DATA EXTRACT:
____

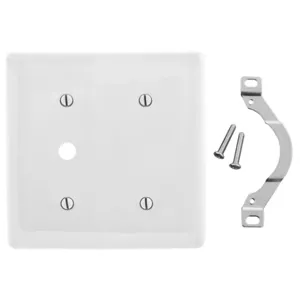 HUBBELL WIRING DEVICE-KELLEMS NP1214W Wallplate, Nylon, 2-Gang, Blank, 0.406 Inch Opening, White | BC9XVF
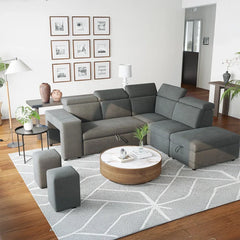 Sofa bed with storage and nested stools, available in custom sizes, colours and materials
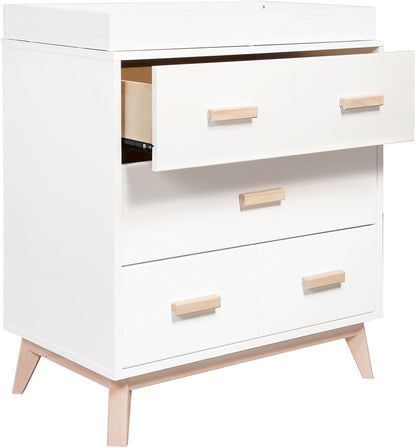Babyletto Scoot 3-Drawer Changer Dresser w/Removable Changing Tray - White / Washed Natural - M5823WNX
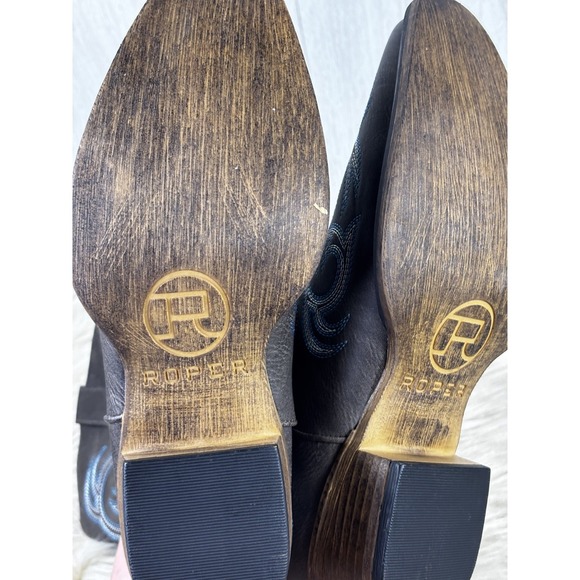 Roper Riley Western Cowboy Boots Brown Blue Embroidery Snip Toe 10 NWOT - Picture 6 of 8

____

WHAT THIS TASK INVOLVES: The expected output is the full data above, reproduced exactly with no images.

EXERCISE SOLUTION:
 HUBBELL WIRING DEVICE-KELLEMS NP1214W Wallplate, Nylon, 2-Gang, Blank, 0.406 Inch Opening, White | BC9XVF
 Sofa bed with storage and nested stools, available in custom sizes, colours and materials
Babyletto Scoot 3-Drawer Changer Dresser w/Removable Changing Tray - White / Washed Natural - M5823WNX
 Roper Riley Western Cowboy Boots Brown Blue Embroidery Snip Toe 10 NWOT - Picture 6 of 8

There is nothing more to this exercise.